A few days earlier a couple of co-workers and I took a road trip to an ocean side beach a couple of hours south of San Jose. We happened across a beach side restaurant for a couple of beers and some chicken wings. The three of us looked out over the black sand beach and watched as a kite surfer ripped up the waves, a couple of dogs running up and down the surf as they barked madly at his kite. The Imperials were cold, the wings were hot, and the conversations varied from bad work trips to good vacations.  At the table next to us were two couples, blender drinks in hand, iPhones at the ready. I could hear them talking about posting pictures immediately to Facebook, snapping self- portraits with the beach behind them as a prop. I couldn’t help but ask myself what was more important to them….the fact that they were on vacation, or the fact that they could tell everyone that they were on vacation. During the time we were there they never stepped one foot out on the sand. I suspect they were worried about losing their WiFi.

What we are losing is the art of conversation, of interaction, of looking across the table during a meal and sharing a story and communicating an idea. Pixels will never replace the look in your tablemates eyes when you tell them something funny, horrific, happy, or sad. A smiley face icon will  never feel like a hug. Maybe business today forces us into too many e-mails, too many action items, too many applications that while they are supposed to make things easier, make us pay the price of ignoring the world that exists outside of our screens. I know for a fact that my work inbox has over 4500 items. It upsets me that I know that. The irony that I’m posting this on a blog isn’t lost on me either.

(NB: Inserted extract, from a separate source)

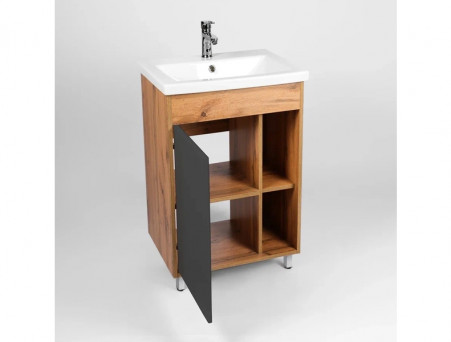 Тумба с Раковиной «Viant» Бостон Como 60, Напольная, Дуб Вотан, 60x84см (VBOS60COG-T1ST)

I had never been to Costa Rica before, and that morning was the last morning that I was going to be there as my work trip was winding down and I leaving San Jose that day. I wanted to soak it all in and enjoy the surroundings of a place that I may not have the opportunity to visit again.  I felt a little sad as I finished the last of my coffee and stood up to leave. The little bird was still hopping from place to place, finding small crumbs. I said “Buenos Dias” to my waiter who smiled back at me. I felt the warm wind in my hair, and I heard the sharp ping of a golf ball off of a club. I noticed all of these things. I also noticed that not one of the diners around me even looked up as I took my leave.